2. If you only use one traffic channel. The minimum number of channels is the case when Google Analytics is the way to go: you don’t have to evaluate the contribution of each of the channels to the customer journey, thus you don’t need sophisticated analytical mechanisms.
3. If you don’t want to track your client’s offline activities. Google Analytics is a good option if you’re only interested in their direct interaction with the website. GA is the right tool if your business doesn’t imply user behavior analysis on third party platforms or offline activity.
And what happens if the whole process is more complicated? Customer journey consists of multiple consecutive conversions, traffic is coming from several channels, and to interact with clients you use services like CRM, payment widgets, or e-mail? In this case, we recommend considering end-to-end analytics.
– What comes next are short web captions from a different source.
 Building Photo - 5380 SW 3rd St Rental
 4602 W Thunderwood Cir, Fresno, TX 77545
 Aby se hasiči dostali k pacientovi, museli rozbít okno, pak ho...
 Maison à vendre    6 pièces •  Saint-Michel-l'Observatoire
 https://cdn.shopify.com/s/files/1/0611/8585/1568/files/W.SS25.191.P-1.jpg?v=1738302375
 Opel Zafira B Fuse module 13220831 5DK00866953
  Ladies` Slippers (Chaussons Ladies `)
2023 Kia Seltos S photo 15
You will need end-to-end analytics:
1. If your customer journey requires outside-the-website actions
If your business entails a complicated sales funnel, end-to-end analytics is crucial for the correct estimation of conversion. For example, for an online-story we can highlight the following conversions:
- Registration and authorization;
- Scrolling through product cards;
- Adding to favorites or to trash;
- Several steps of filling in personal information;
- Checkout: adding payment information, applying promo codes, choosing the delivery option and payment methods;
- Confirmation of order via phone call or e-mail.
In this scenario, you use several widgets for payment and newsletters along with CRM. The thing is, that when setting up “basic” analytics, the counters can only be installed on your website. Therefore, user actions away from the website become a blind spot. If you work with newsletters, offline sales, you have third party widgets, for example, payment systems, all of the information about them needed for future analysis will be stored in a united database.
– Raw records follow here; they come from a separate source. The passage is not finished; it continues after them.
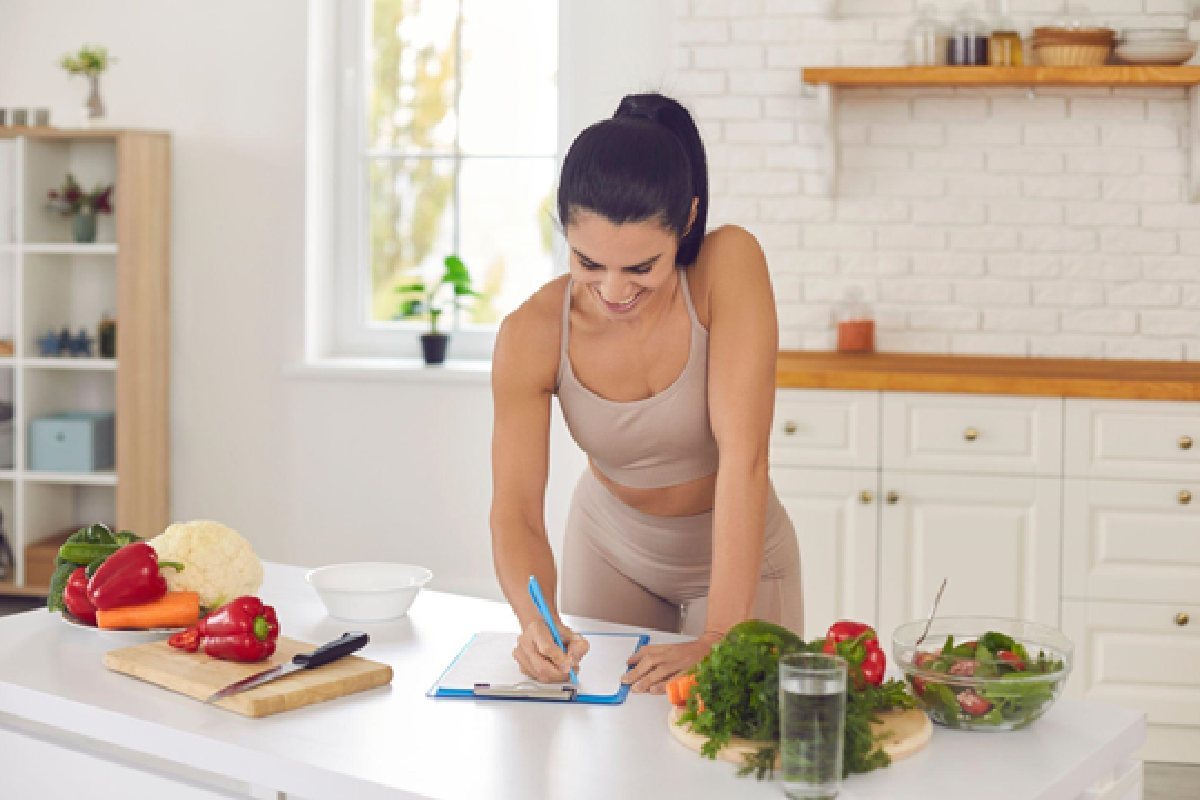  7 Ways to Balance Working Out and Nutrition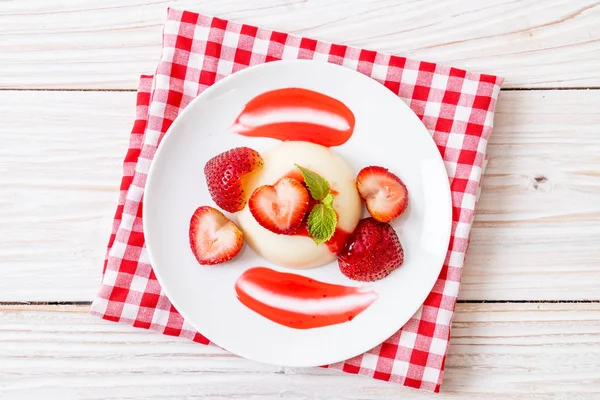 Pudding au yaourt aux fraises fraîches — Photo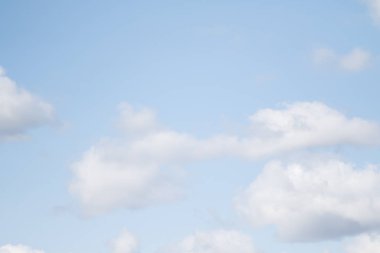 mavi bir gökyüzü üzerinde büyük bulutlar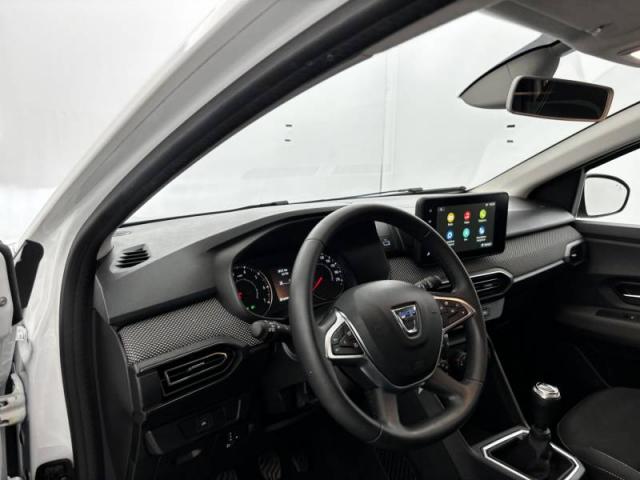 Dacia Jogger image 1
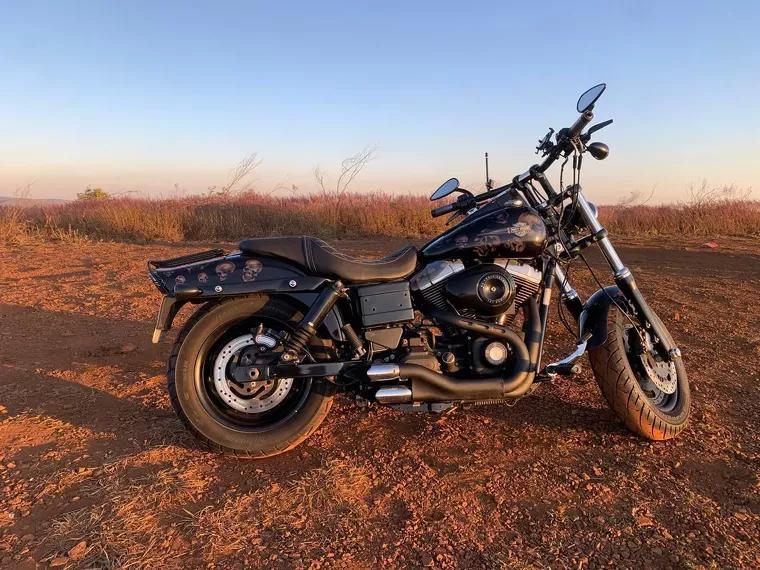 Harley-Davidson Fat Bob Preto 2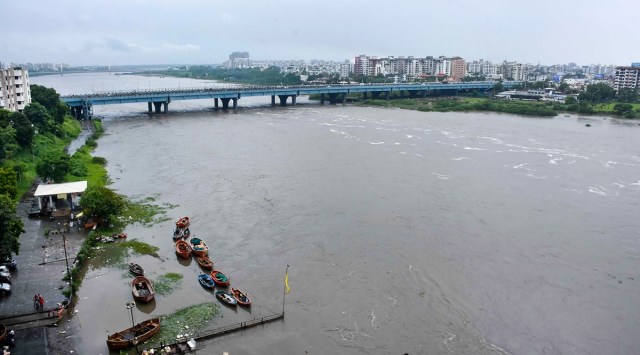 A view of the Tapi river after its water level rose due to the release of water from Ukai Dam, in Surat, Wednesday, September 29, 2021. (PTI Photo)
Why can’t you just open analytical systems, apps, CRM and compare the numbers? Well, mostly because you will not be able to connect user IDs from multiple systems and track their actions correctly. End-to-end analytics is there for you when you need to see the same people coherently acting on the website, offline, and in the application.
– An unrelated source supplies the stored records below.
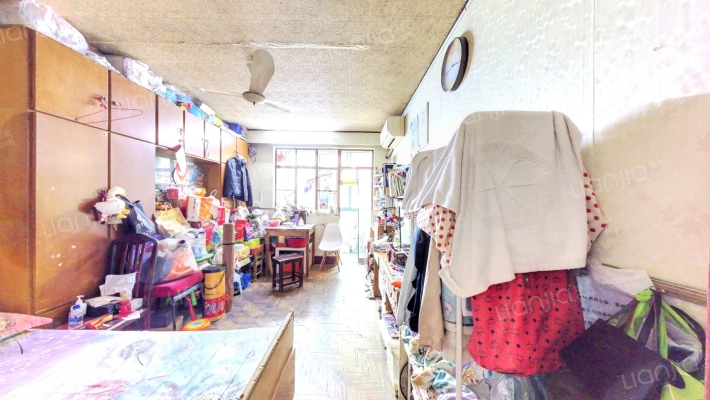 天宝路358弄二手房实景图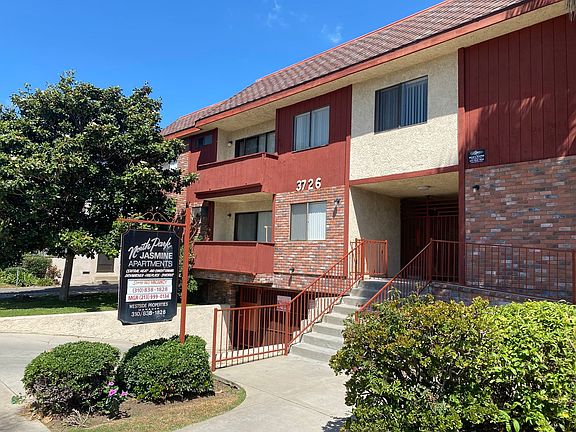 3rd image of 3726 Jasmine Ave #111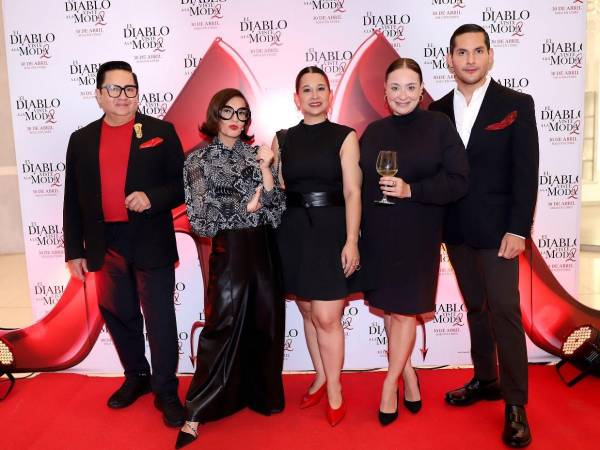 El evento congregó a un selecto grupo de invitados, entre ellos destacadas figuras del ámbito social, la moda y el entretenimiento.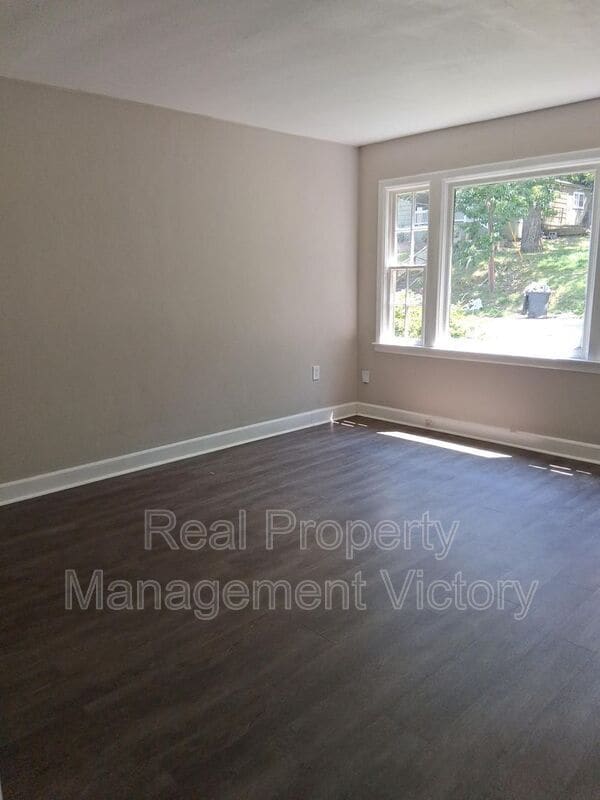 Building Photo - 1537 Bacon Ave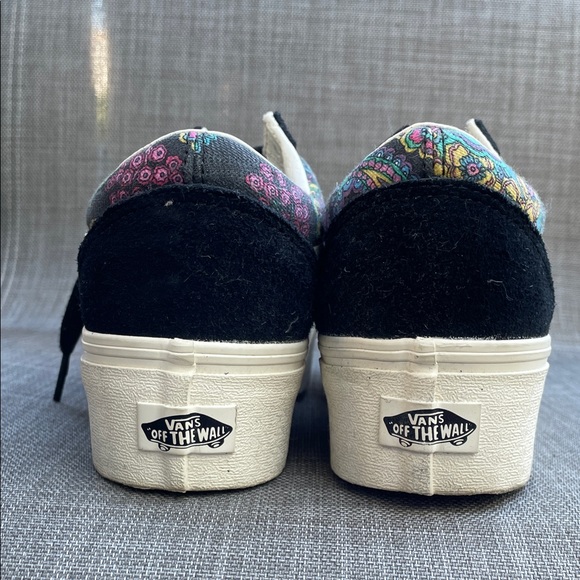 Vans Women's Black and Multicolor Sneakers - Picture 3 of 7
2. Plenty of marketing channels
Large marketing budgets, various traffic channels, CRM for data collection, and newsletters are the signals to end-to-end analytics implementation. Why?
Before actually purchasing a good or service, your potential clients will see your ads on different marketing platforms. Here comes the question: which of these stages has contributed more to the conversion? The answer is in the attribution model that will be chosen. Where analytical systems only offer standardized versions of attribution models, such as first- and last-click, it can lead to wrong conclusions about channel effectiveness. To estimate each one of them right, you need end-to-end analytics. In Room42 we prefer to build our own custom attribution models.
3. Several marketing mechanics
Your marketing traffic isn’t just the reach or conversion campaigns, but it’s also your remarketing activity. It implies targeted campaigns with a specific audience that has already acted in a certain way: for example, looked at the items or fill in the forms. In this situation, end-to-end analytics will assist in the personalization of advertisements based on a complex set of data about each of the user segments.